PROBLEM DESCRIPTION: Repeat exactly, and only, the lines below starting at the line that contains "热水器漏水怎么办:全面解析原因、维修方法及预防措施 第3张 热水器漏水怎么办:全面解析原因、维修方法及预防措施" and ending at the line that contains "Building Photo - 3101 Bobcat Ct", inclusive of both.

THE INPUT:
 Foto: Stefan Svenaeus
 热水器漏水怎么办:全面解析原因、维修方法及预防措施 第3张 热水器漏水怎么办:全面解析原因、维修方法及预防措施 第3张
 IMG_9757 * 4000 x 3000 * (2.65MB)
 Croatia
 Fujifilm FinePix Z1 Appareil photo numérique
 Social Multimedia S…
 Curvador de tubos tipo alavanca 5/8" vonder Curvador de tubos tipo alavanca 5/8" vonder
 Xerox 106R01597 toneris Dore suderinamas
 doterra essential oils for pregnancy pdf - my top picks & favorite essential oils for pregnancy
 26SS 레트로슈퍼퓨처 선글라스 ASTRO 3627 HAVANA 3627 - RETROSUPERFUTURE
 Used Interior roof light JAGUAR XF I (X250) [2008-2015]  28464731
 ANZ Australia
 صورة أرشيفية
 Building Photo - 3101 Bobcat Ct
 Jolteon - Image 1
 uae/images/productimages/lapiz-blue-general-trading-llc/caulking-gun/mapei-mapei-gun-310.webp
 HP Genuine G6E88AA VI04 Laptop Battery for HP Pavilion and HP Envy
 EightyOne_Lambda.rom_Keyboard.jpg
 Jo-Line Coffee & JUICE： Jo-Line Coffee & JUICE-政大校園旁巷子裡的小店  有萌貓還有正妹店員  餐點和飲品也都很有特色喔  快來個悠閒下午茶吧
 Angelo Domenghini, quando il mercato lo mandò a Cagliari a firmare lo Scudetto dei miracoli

ANSWER BOX:
 热水器漏水怎么办:全面解析原因、维修方法及预防措施 第3张 热水器漏水怎么办:全面解析原因、维修方法及预防措施 第3张
 IMG_9757 * 4000 x 3000 * (2.65MB)
 Croatia
 Fujifilm FinePix Z1 Appareil photo numérique
 Social Multimedia S…
 Curvador de tubos tipo alavanca 5/8" vonder Curvador de tubos tipo alavanca 5/8" vonder
 Xerox 106R01597 toneris Dore suderinamas
 doterra essential oils for pregnancy pdf - my top picks & favorite essential oils for pregnancy
 26SS 레트로슈퍼퓨처 선글라스 ASTRO 3627 HAVANA 3627 - RETROSUPERFUTURE
 Used Interior roof light JAGUAR XF I (X250) [2008-2015]  28464731
 ANZ Australia
 صورة أرشيفية
 Building Photo - 3101 Bobcat Ct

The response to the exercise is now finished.